> _Your task_
Leaving out all pictures, copy the lines below exactly, from the line with "Nowoczesne wejście do" to the last line, both ends included.

> _Supplied material_
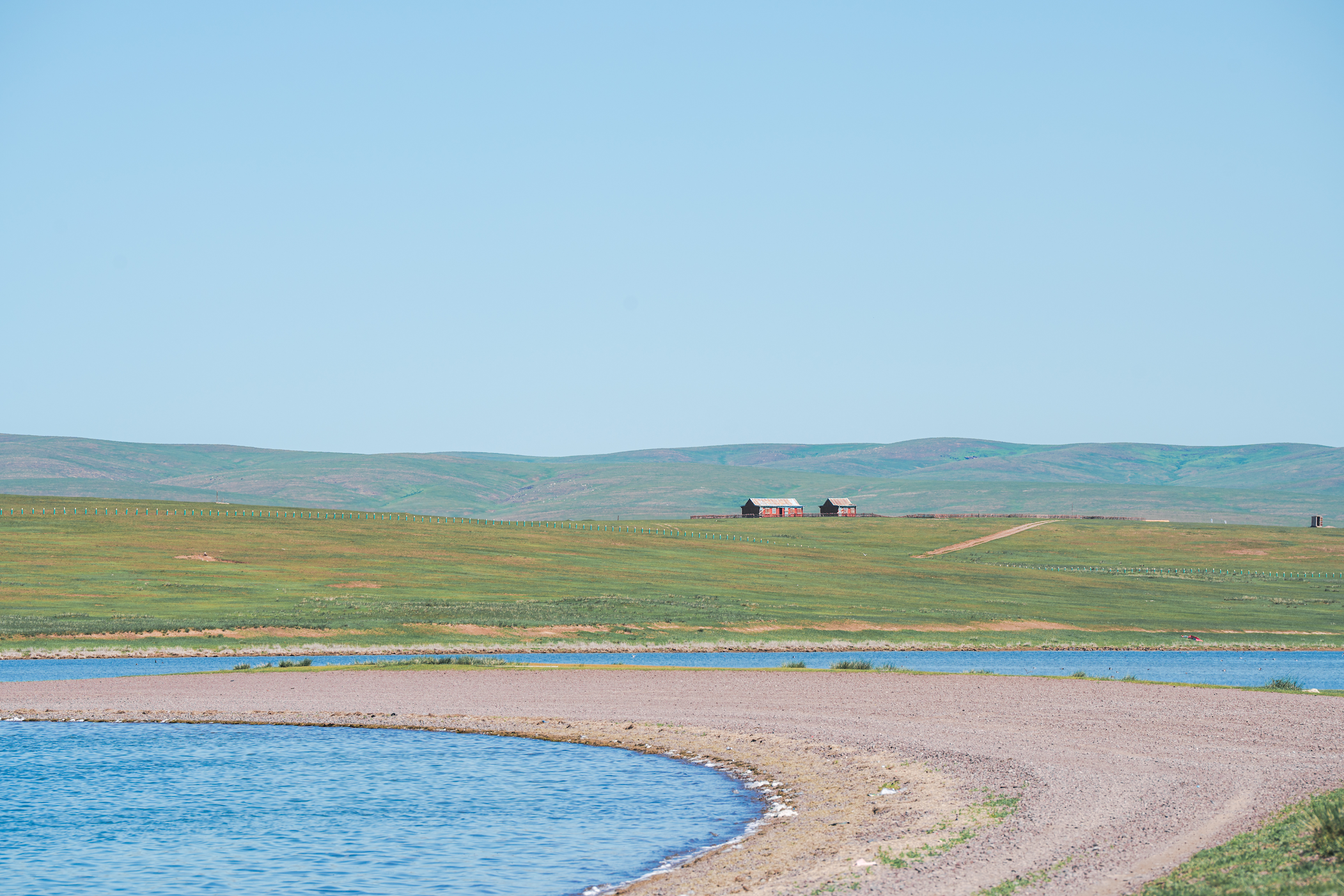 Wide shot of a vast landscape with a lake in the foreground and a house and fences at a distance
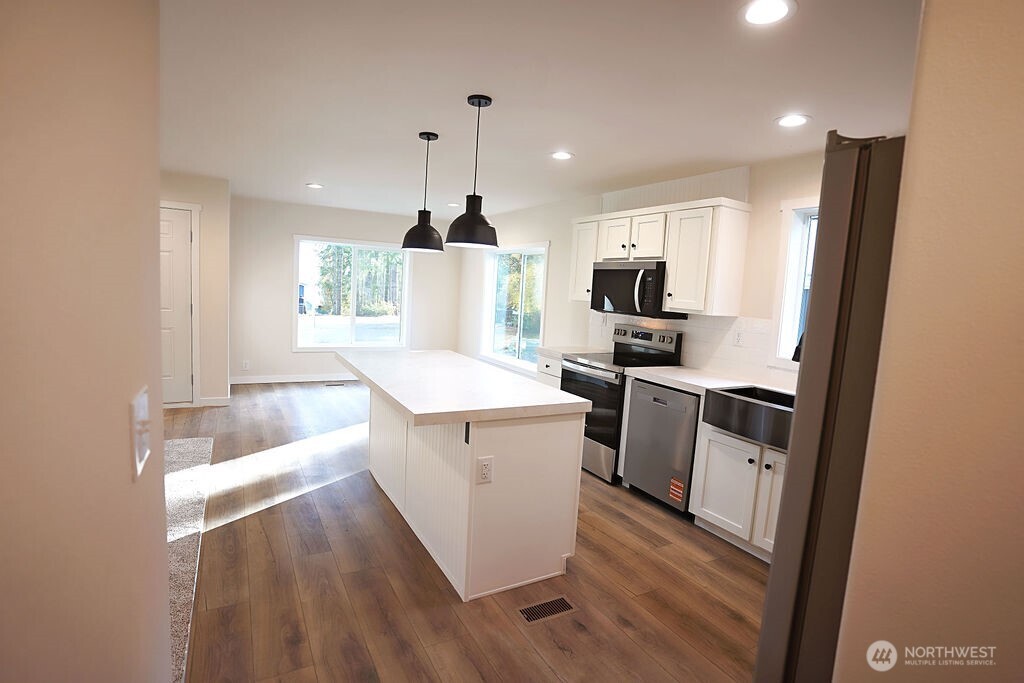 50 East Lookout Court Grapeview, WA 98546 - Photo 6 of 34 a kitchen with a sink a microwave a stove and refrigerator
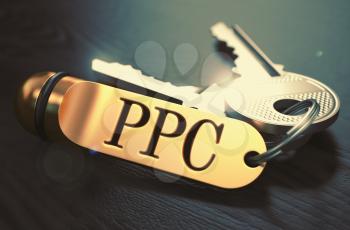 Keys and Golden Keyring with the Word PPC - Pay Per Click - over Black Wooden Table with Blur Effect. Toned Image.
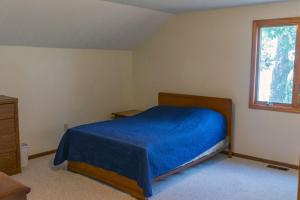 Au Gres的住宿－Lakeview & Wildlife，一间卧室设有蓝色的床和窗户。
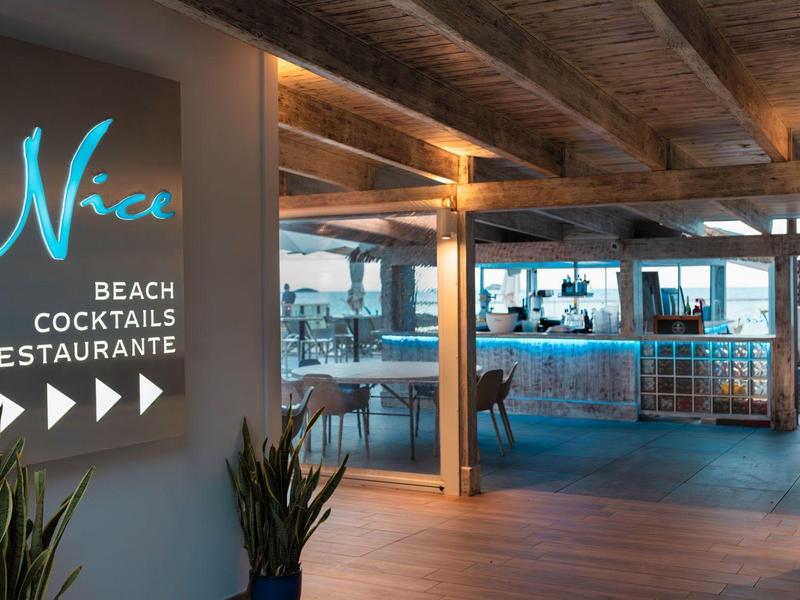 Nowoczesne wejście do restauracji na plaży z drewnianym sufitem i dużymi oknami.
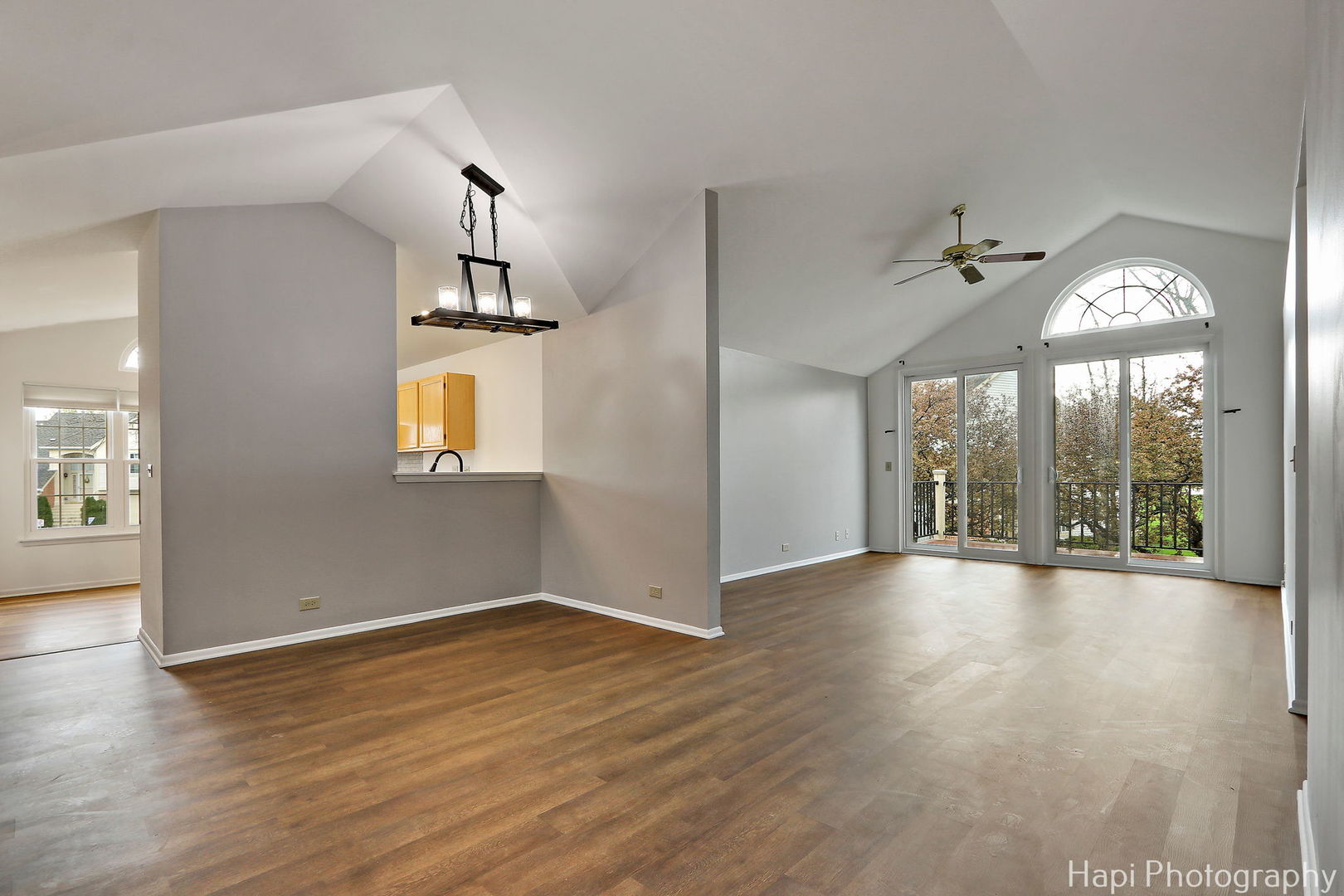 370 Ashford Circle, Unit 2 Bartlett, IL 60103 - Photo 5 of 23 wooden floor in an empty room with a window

> _Result_
 Nowoczesne wejście do restauracji na plaży z drewnianym sufitem i dużymi oknami.
 370 Ashford Circle, Unit 2 Bartlett, IL 60103 - Photo 5 of 23 wooden floor in an empty room with a window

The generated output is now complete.